To do
Line tally for the word "Rubber": count the lines below that contain it and reply with the number alone.

Source information
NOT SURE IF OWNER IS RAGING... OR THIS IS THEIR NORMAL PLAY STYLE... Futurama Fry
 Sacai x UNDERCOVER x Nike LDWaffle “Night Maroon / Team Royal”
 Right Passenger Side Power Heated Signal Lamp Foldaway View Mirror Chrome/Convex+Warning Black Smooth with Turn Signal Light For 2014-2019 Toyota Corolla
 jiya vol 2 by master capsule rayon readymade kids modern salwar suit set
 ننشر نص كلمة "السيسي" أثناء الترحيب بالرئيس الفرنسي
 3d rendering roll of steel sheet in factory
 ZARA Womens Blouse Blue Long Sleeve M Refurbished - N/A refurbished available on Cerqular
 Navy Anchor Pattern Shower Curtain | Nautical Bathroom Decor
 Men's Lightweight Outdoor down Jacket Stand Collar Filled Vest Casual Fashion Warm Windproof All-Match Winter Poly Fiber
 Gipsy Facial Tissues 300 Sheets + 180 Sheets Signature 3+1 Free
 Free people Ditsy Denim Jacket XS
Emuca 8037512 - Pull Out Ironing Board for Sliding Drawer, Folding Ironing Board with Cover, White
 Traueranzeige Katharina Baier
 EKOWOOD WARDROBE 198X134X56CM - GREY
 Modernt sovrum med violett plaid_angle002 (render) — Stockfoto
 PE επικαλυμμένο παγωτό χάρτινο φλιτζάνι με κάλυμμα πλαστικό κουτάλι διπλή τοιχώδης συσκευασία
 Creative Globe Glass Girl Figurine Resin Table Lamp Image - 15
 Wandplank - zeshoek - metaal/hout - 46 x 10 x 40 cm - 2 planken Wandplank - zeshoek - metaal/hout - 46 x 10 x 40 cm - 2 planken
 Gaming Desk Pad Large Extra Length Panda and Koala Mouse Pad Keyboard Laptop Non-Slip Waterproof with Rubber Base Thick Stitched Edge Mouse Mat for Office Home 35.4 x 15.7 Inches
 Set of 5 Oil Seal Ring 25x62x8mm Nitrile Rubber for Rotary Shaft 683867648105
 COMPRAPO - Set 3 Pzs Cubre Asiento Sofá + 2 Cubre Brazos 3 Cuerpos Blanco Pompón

Reply to the task
2